In the photo below you can see the tiny orange eggs being released by a female mushroom coral (Fungia scutaria) spawning at the Hawaii Institute of Marine Biology in Oahu. Looks kind of psychedelic.
(Photo by Jake Adams. From Advanced Aquarist's Online Magazine.)
Researchers from Japan recently discovered that mushroom corals can change sex and back again, a talent known as sequential hermaphroditism. It's not all that unusual in the deep blue home. Some of the echinoderms, like urchins and sea stars, along with some of the crustaceans, mollusks, and bristle worms gender shift every which way too.
In the mushroom corals studied so far, the smaller individuals are generally males and the larger individuals females. This makes sense when you consider the different time-and-energy investment required to make eggs versus sperm.
Mushroom corals, in their adult form, do have the ability to move, albeit very slowly, via three known mechanisms: by regulating buoyancy and floating away; by growing a hydromechanically adapted shape and floating away; or by creeping away. Motility enables them to seek out the sunniest locations on the reef—sunlight fuels their endosymbiotic bacteria—and to escape being overgrown by other corals.
But might they be sprightlier than we think?
(Mushroom coral eating moon jellyfish. From Coral Reefs.)
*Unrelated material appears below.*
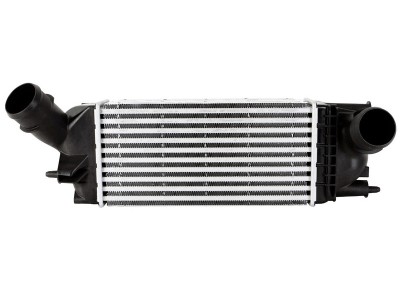 Intercooler Citroen C5, 09.2004-01.2008, motor 1.6 HDI, 2.0 HDI, diesel, cutie manuala, cu/fara AC, aluminiu brazat/plastic, 300x145x77 mm, foto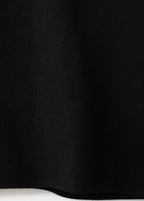 Top Col Halter Brillant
Recently mushroom corals living in the Gulf of Aqaba were observed eating moon jellyfish (Aurelia aurita). How did they procure the wandering jellies? No one knows.
The papers:
- B. A. Ferguson, T. A. Dreisbach, C. G. Parks, G. M. Filip, and C. L. Schmitt. Coarse-scale population structure of pathogenic Armillaria species in a mixed-conifer forest in the Blue Mountains of northeast Oregon. Can. J. For. Res. 33(4): 612–623 (2003). DOI:10.1139/x03-065.
- Yossi Loya and Kazuhiko Sakai. Bidirectional sex change in mushroom stony corals. Proc Biol Sci B. 2008 October 22; 275(1649): 2335–2343. DOI: 10.1098/rspb.2008.0675.
UPDATE: Thanks to Joe Schmidt for sending along a view (below) of the coral fungus growing in a tree in his Illinois neighborhood. Seems a good looking case of convergent evocation.